Plaintiffs in the Arizona case were the ACLU, MALDEF (Mexican-American Legal Defense and Educational Fund), and Inter-Tribal Council. They claim the law discourages minorities, the poor and elderly from casting ballots.
The House of Representatives passed 228 to 196, a month ago (9/20/06) legislation requiring valid photo identification in federal elections. Congresspersons voting against compared it to disenfranchising Southern Blacks in the last century. The bill faces an uncertain future in the Senate.
The so-called “Voter ID” proposal requires voters to have “picture” identification by 2008, and proof of citizenship by 2010. It was among the recommendations of the bipartisan Commission on Federal Election Reform, headed by former president Jimmy Carter and secretary of state James Baker. “Effective voter registration and voter identification are bedrocks of a modern election system,” they wrote.

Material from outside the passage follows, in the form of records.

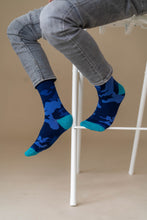 Load image into Gallery viewer, Camo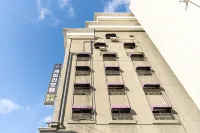 Uijeongbu Kayla Hotel Annex B Building
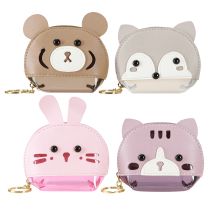 Prodotto Portafoglio portachiavi per bambini 11 cm 4 pezzi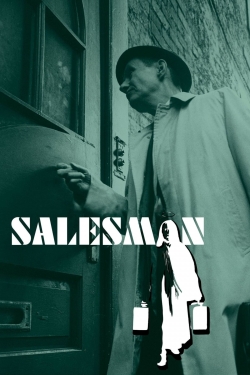 watch Salesman Movie online free in hd on Red Stitch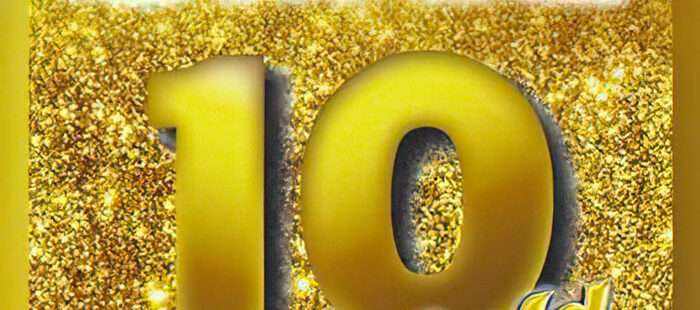 CD - Gold Collection – Vol. 10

Groups working on behalf of minorities and illegal aliens call it a “poll tax,” claiming it would put an “insurmountable burden on voters and infringe upon their voting rights.” A recent study by Johns Hopkins University showed that 1,500 dead people had voted among a recent sampling of ballots in Ohio.
The controversy over election fraud is as old as the Republic itself. The influx of German and Irish immigrants in the mid-19th century raised concerns that they were incapable of voting honestly, since they were “under the control of the Pope.” The 1886 Committee of One Hundred called the previous election “nothing more than an organized conspiracy to defeat the will of the people … by illegal voting, forgery and fraud.”
A 1906 report showed that a Skid Row homeless shelter population ballooned from 80 to 280 on election day, and that every one of them was registered to vote. Party hacks helped some voters “float” so they could cast multiple ballots. Jail inmates received “pardons,” in exchange for a promise to go straight to the polls and cast a “straight ticket.”
Georgia’s election board, last Tuesday, approved a letter to inform more than 300,000 voters that they can vote, without any identification, since superior court judge T. Jackson Bedford had declared the requirement unconstitutional.
Despite the fact that people need positive identification to drive a car, cash a check or use a credit card, opponents of this reform want to continue the right of headstones and illegals to vote.